Huffman Encoding

N-Arity Trees

A tree can have any number of children. One time trees with larger numbers of children are needed is in game analysis. We can build a tree showing all the different moves a player can make in a game. The following tree shows possible moves in a Tic-Tac-Toe game.

Tic-Tac-Toe Tree

We can represent trees even if we don’t know how many children each one will have. We basically make two linked lists. The first linked list is the Leftmost Child Pointer. It allows us to move down one level in the tree. It points to the first child. The second pointer is the Right Sibling Pointer. It allows you to move across the children at the same level.

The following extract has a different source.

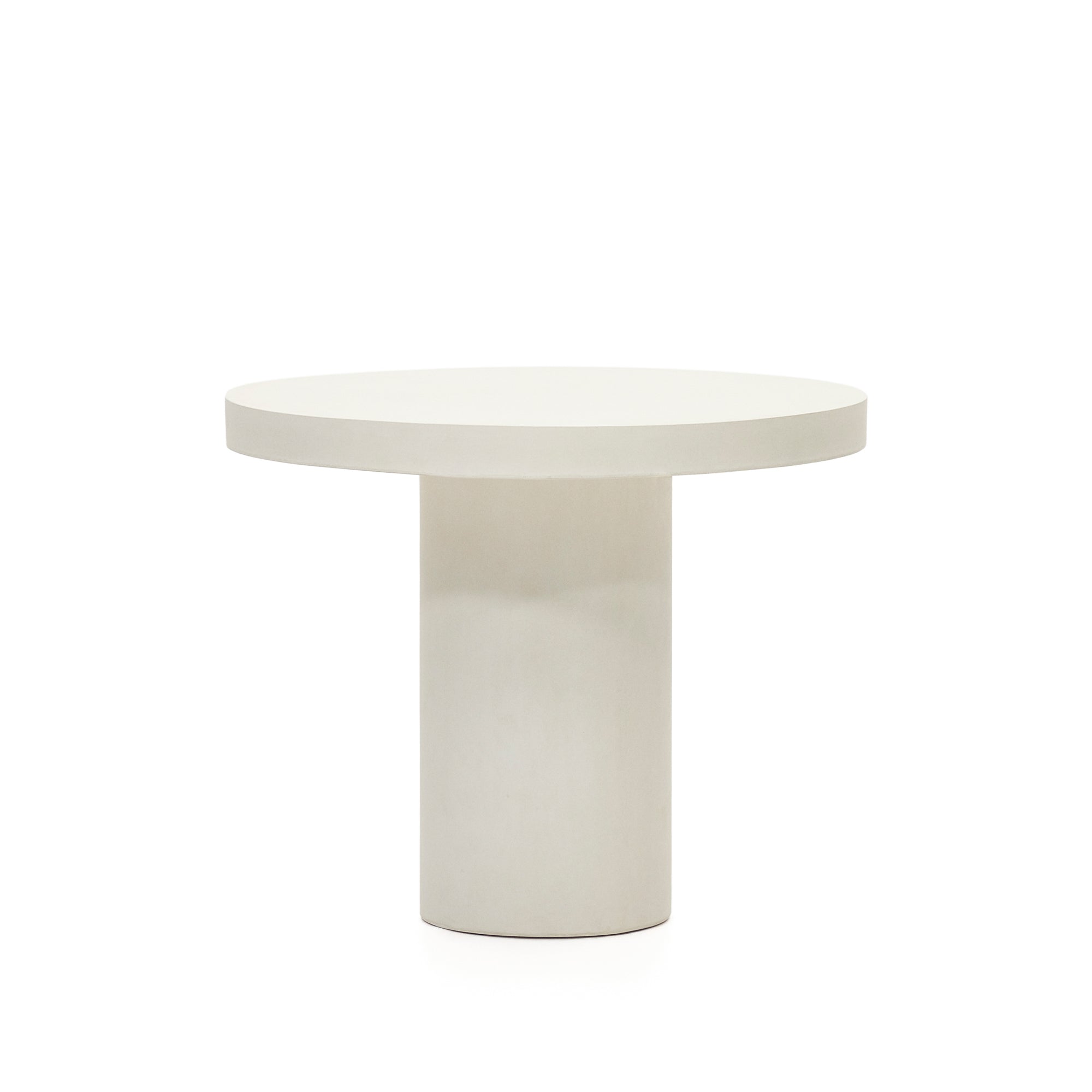 Aiguablava kerek asztal fehér cementből, Ø 90 cm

  • Leftmost Child Pointer - Node’s Child on far left

  • Right Sibling Pointer - Next Node to the Right in the tree

Now, we can build trees with any number of children

Left-Child Right-Sibling Graph

In this graph, Node 5 has 3 children! This is fine because we can just follow the linked list chain as far as we need to travel.

Three Children

To represent this, we just store two pointers in each node. This is a useful table. Even with only a binary tree, you can describe all the nodes using a table like this. the Table shows each node in the above image and its two pointers.

Node

Leftmost Child

Right Sibling

node1

LMC=node2

RS=none

node2

LMC=node4

RS=node3

node3

LMC=node9

RS=none

node4

LMC=none

RS=node5

node5

LMC=node6

RS=none

node6

LMC=none

RS=node7

node7

LMC=none

RS=node8

node8

LMC=none

RS=none

node9

LMC=none

RS=node10

node10

LMC=none

RS=none

In many cases, pointer are easier to work with. There are some situations where this table would be an advantage.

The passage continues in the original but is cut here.